Огюстен разжал объятия и отпустил ее. Маргарита глубоко вздохнула, не сводя с него глаз. Он осторожно, едва прикасаясь, провел рукой по ее щеке и тихо произнес:
— Иди спать, Маргарита, а то я отнесу тебя на руках…
Задыхаясь от волнения, она отпрянула от Огюстена и, путаясь в юбках, стремглав побежала вверх по лестнице. Захлопнув дверь и закрыв ее на засов, девушка вбежала в спальню и бросилась на кровать. Сердце отчаянно колотилось у нее в груди, и все тело изнывало в какой-то сладостной истоме, особенно самые интимные его части. Слова Огюстена заставили ее опомниться и вызвали смятение в душе. Она испугалась неудержимого желания ощутить прикосновение его рук к своей обнаженной плоти и познать его ласки. Слишком рано! Он еще не любит ее! Она не должна позволять своей страсти поставить под удар все то, о чем они уже условились. Если он овладеет ею, а его сердце по-прежнему останется для нее чужим, как же тогда она сможет навсегда удержать его? Между любовью и физическими удовольствиями может лежать расстояние во много тысяч лье, но разделенная любовь и нежность в состоянии преодолеть любое испытание, посланное судьбой.

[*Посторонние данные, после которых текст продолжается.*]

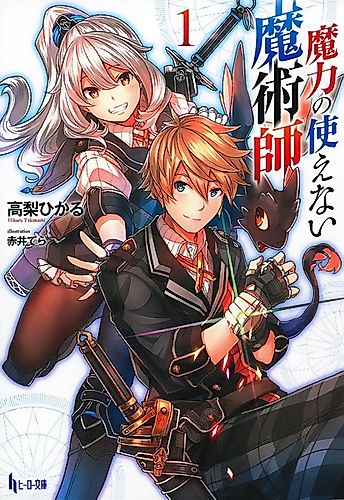 Cover image for Maryoku no Tsukaenai Majutsushi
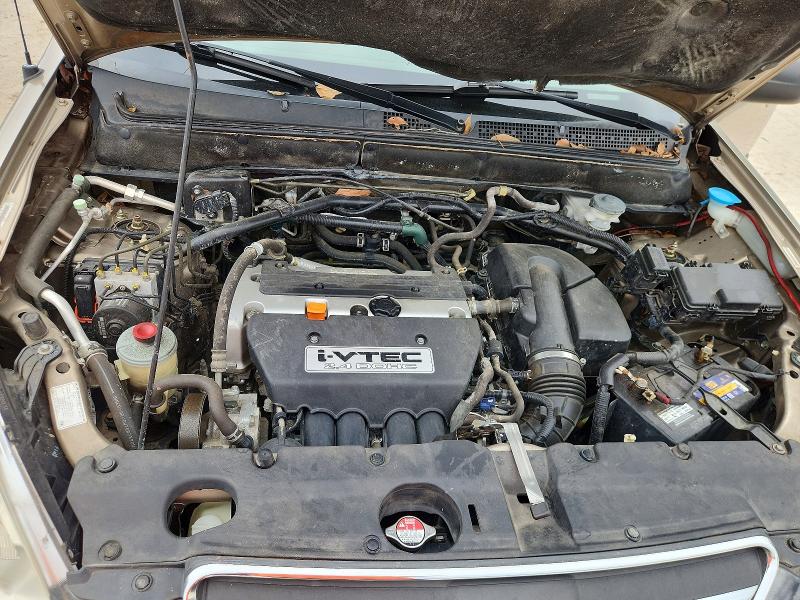 Продажа на аукционе авто 2005 Honda Cr-v, vin: JHLRD68545C018735, номер лота: 64076536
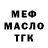 Метадон methadone Ram Russo
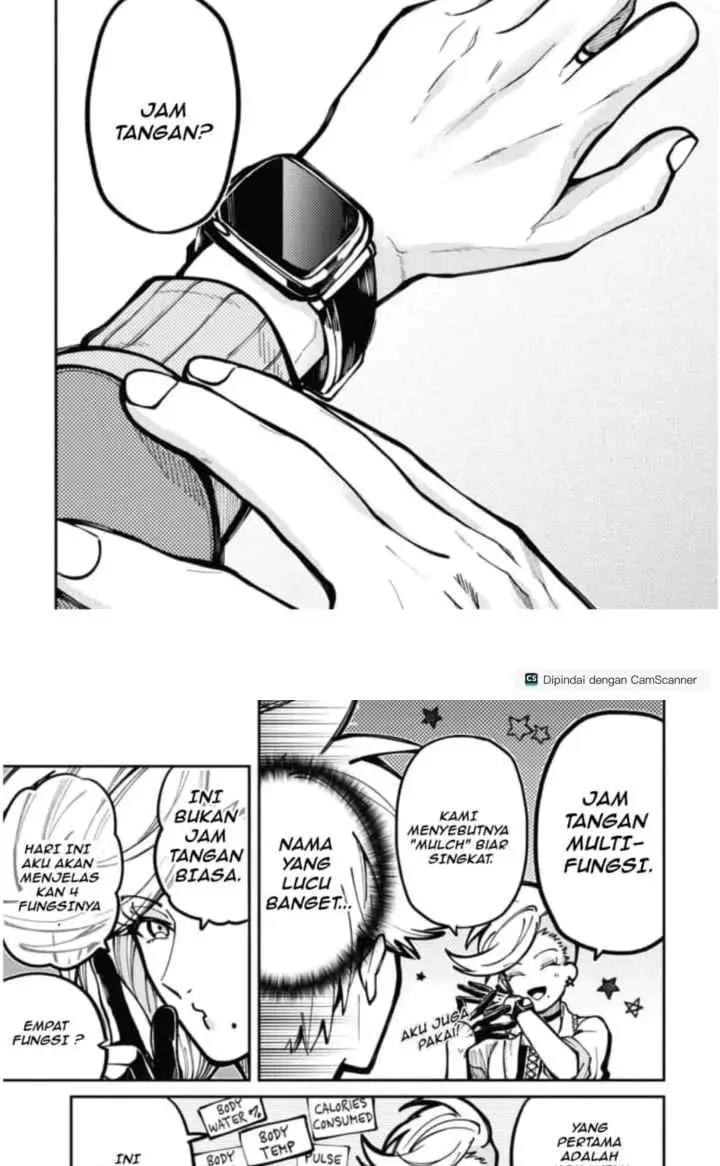 Tokyo Aliens chapter 6 halaman 5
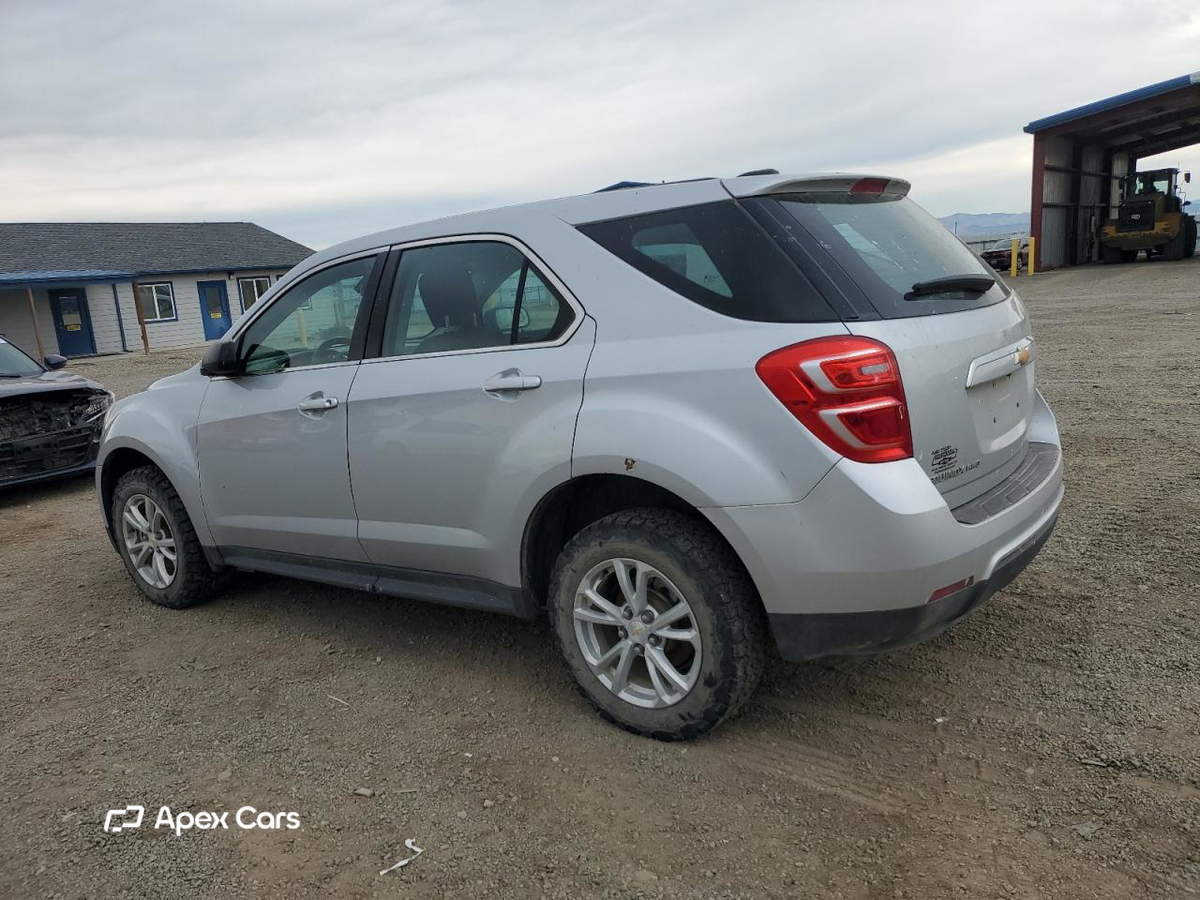 Chevrolet Equinox 2017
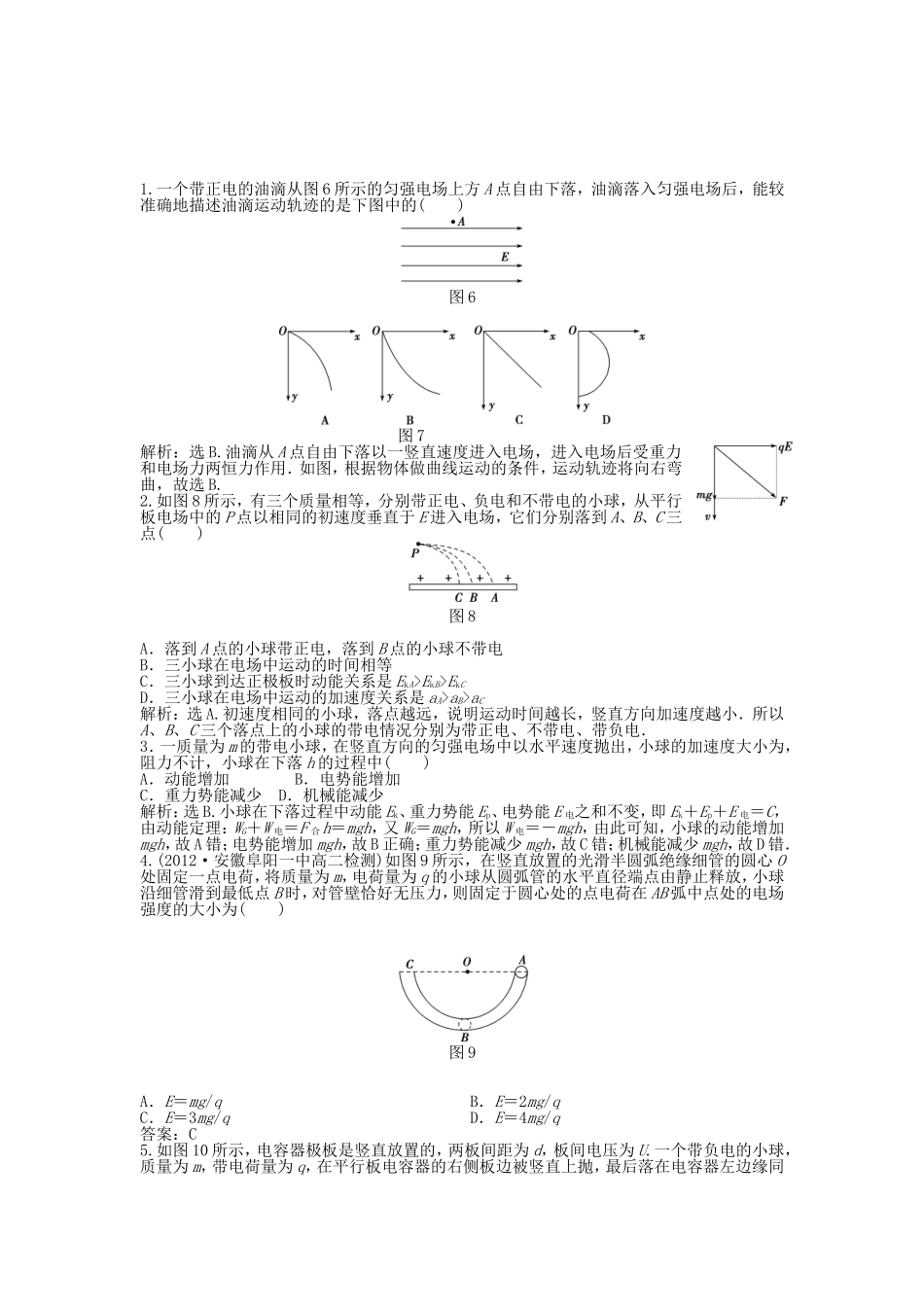 年高中物理 电子题库 习题课带电粒子在复合场中的运动知能演练轻松闯关 新人教版选修3-1_第1页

Она заснула, не раздеваясь, и утром чрезвычайно удивилась, обнаружив, что проснулась одетой. Однако ее удивление было недолгим: схватив корзинку с веерами, Маргарита помчалась во дворец, рассчитывая, что и этот день окажется не менее прибыльным.

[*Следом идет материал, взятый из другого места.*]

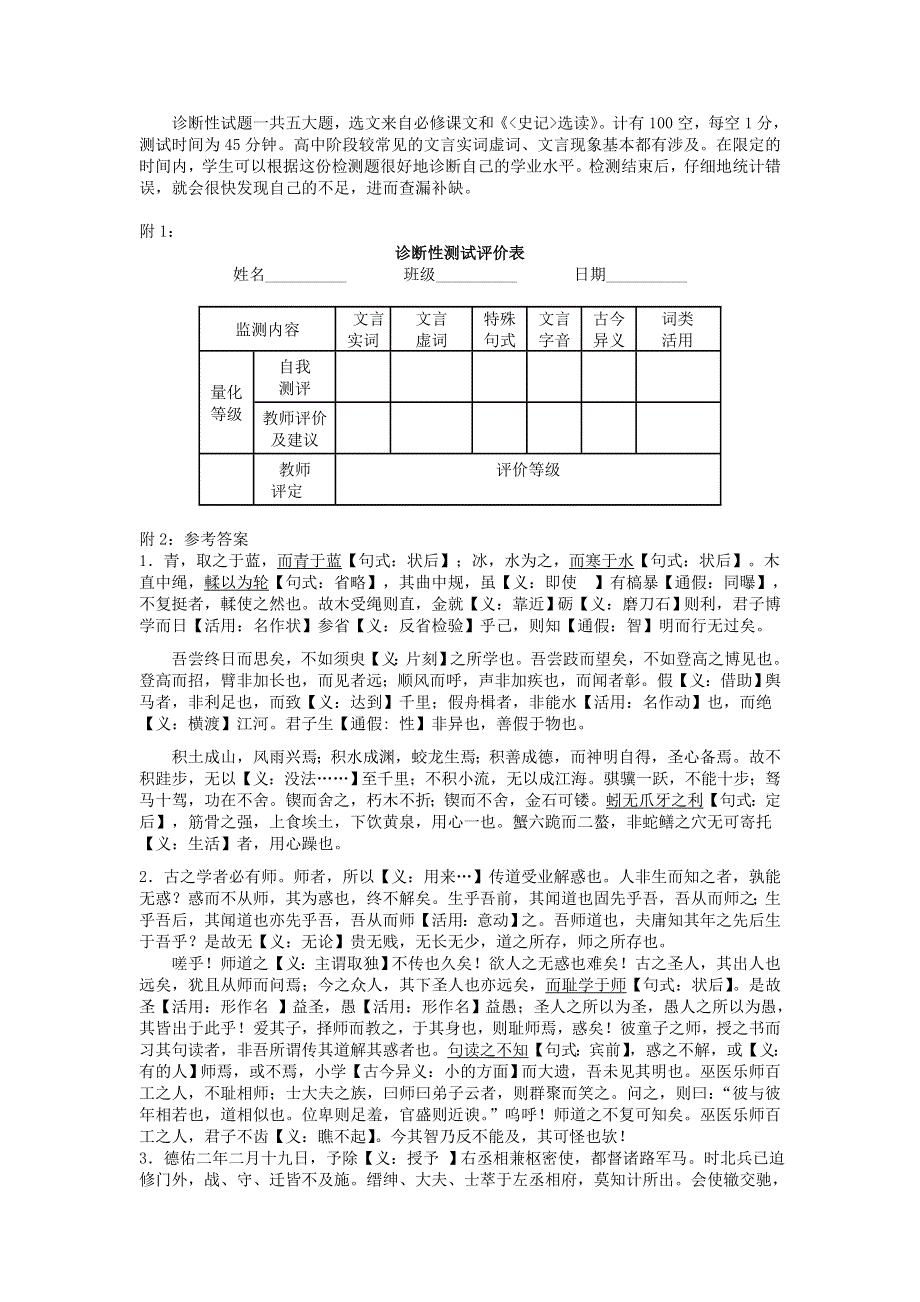 江苏省扬州中学2012年高考语文复习高中必修文言文诊断测试题.doc_第3页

Днем ей довелось увидеть нескольких членов королевской семьи, которые поднимались и спускались по лестнице и проходили через вестибюль. Иногда они садились в карету, ожидавшую у подъезда. Многих из них Маргарита знала в лицо, поскольку прежде неоднократно видела их, включая принцев крови и принцесс, однако вблизи они производили иное впечатление. Особенно заинтриговали ее две дамы, соперничавшие в борьбе за благосклонность короля, — мадам де Монтеспан и мадам де Ментенон. Первая слишком располнела и предпочитала в одежде яркие, броские цвета, а вторая обладала обворожительной улыбкой и не терпела экстравагантности. Ее элегантные наряды отличались темными тонами, из украшений мадам де Ментенон признавала лишь небольшой золотой крест. Единственный законный сын короля, прозванный за свой высокий рост Великим дофином, постоянно сыпал безобидными шутками. У него было румяное, упитанное лицо, свидетельствовавшее о прекрасном здоровье и отменном аппетите, которое обрамляли кудрявые волосы, спускавшиеся на плечи и отливавшие на солнце золотом. Его жена, довольно толстая и неповоротливая, была женщиной недалекого ума, но Великий дофин, казалось, не замечал этих недостатков; его преданность супруге не знала границ.
Самым колоритным персонажем являлся младший брат короля, которого всегда величали «мсье». Раскрашенный как куколка, он всегда быстро пробегал мимо в туфлях на высоких каблуках. Несмотря на полную противоположность Людовику в сексуальных предпочтениях, он был женат и даже имел детей.
Появление королевы, как правило, не вызывало никакой реакции со стороны деловито торгующих продавцов и покупателей, которые едва ли обращали на нее какое-либо внимание, если только не оказывались у нее на пути. Однако все обстояло иначе, когда прибывал Людовик. Это было похоже на внезапную вспышку солнечного света, поражавшую всех присутствовавших. Гипнотическое действие его личности проявлялось и в том, что даже стоявшие в самом конце вестибюля помимо своей воли принуждены были смотреть в его направлении, изо всех сил вытягивая шеи, а от бесчисленных поклонов и реверансов начинало рябить в глазах.